It occurs to me that bearishness and bullishness can be measured in degress, and the degrees to which one is willing to accept risks or exercise caution have more to do with where the investor is at on a scale of wealth accumulation than any other factor (imo).

For example --

The young worker just starting out has little at risk with investments because little has been accumulated to date. With each pay period, X dollars are set aside for retirement accumulation or for other long term goals and a very long time horizon. Risk is hardly a consideration in the early stages of wealth accumlation since the percentage swings in equity valuations barely amount to a real concern in the total wealth picture at this early stage.

Mid-life workers with kids nearing or at college age seem to be the most stressed financially. They have aging parents, plenty of debt, college tuition expenses and their own retirement to contend with. Obviously some are better off than others. Some will come into inheritances, others will bear the burden of caring for their own parents as financial dependents, and all variances between the extremes. Risk is a mixed bag for this group. Some are willing to take a great deal of risk in order to make up for the lack of time to achieve their financial needs by the time life exceeds work and income. Others can't tolerate risk, as all dollars are viewed as necessary in short order. So, caution becomes apparent with greater frequency within this group as opposed to young workers starting out.

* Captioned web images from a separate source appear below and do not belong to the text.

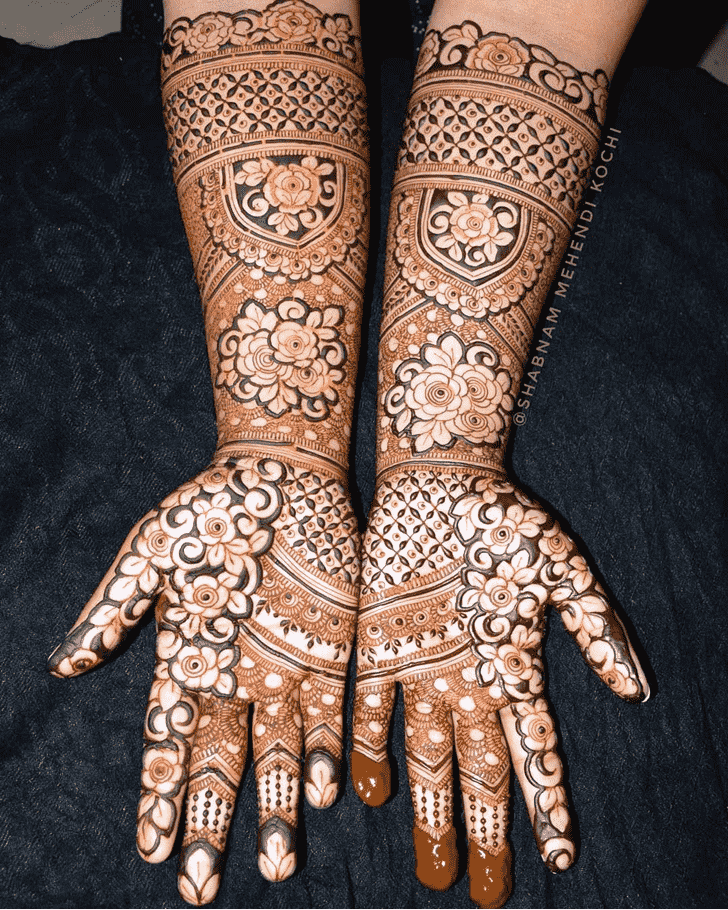 Pretty Holi Henna Design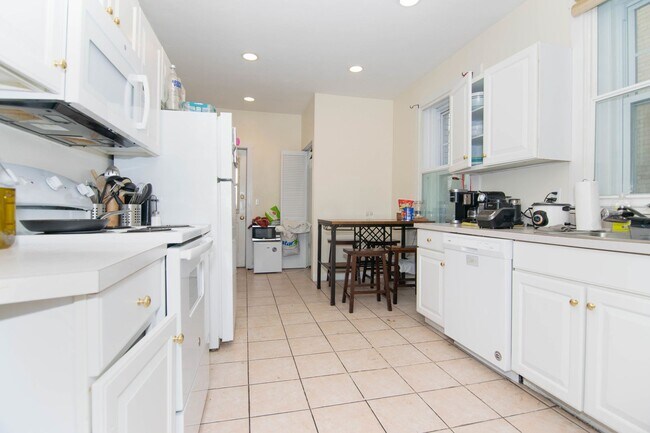 Foto del edificio - WOW!  MASSIVE 5 BED/2 BATH NEAR B.U.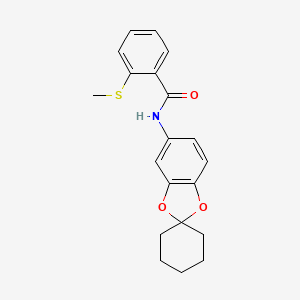 molecular formula C20H21NO3S B3435832 2-(methylthio)-N-spiro[1,3-benzodioxole-2,1'-cyclohexan]-5-ylbenzamide 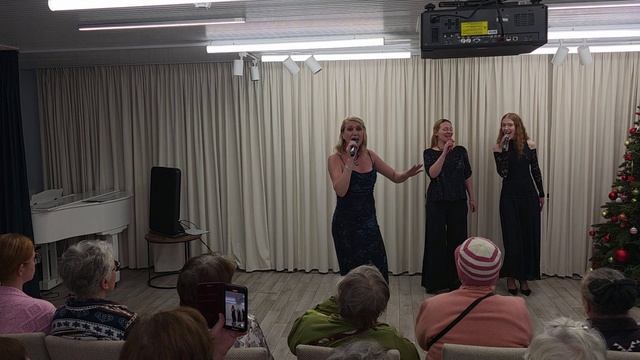 11. Мама (Королева)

For more advanced investors, those that I define as having already accumulated or inherited a sizeable amount of wealth, a view of capital preservation becomes more apparent in any discussion of risk. For this group, the management of risk is actually more critical to keeping what has been achieved to a greater extent than growing the initial wealth.

When bulls debate bears, I cannot help but wonder where on the scale each may reside in their personal wealth accumulation. I tend to think that most of today's cautious investors actually have wealth worth protecting, but admittedly, my own bias is showing.

In Harry Dent's vision of baby boomer wealth accumulation, I wonder at what inflection point the wealth accumulation efforts will result in massive capital preservation efforts? I doubt age plays a role as much as the perceived value of the store of wealth already at hand.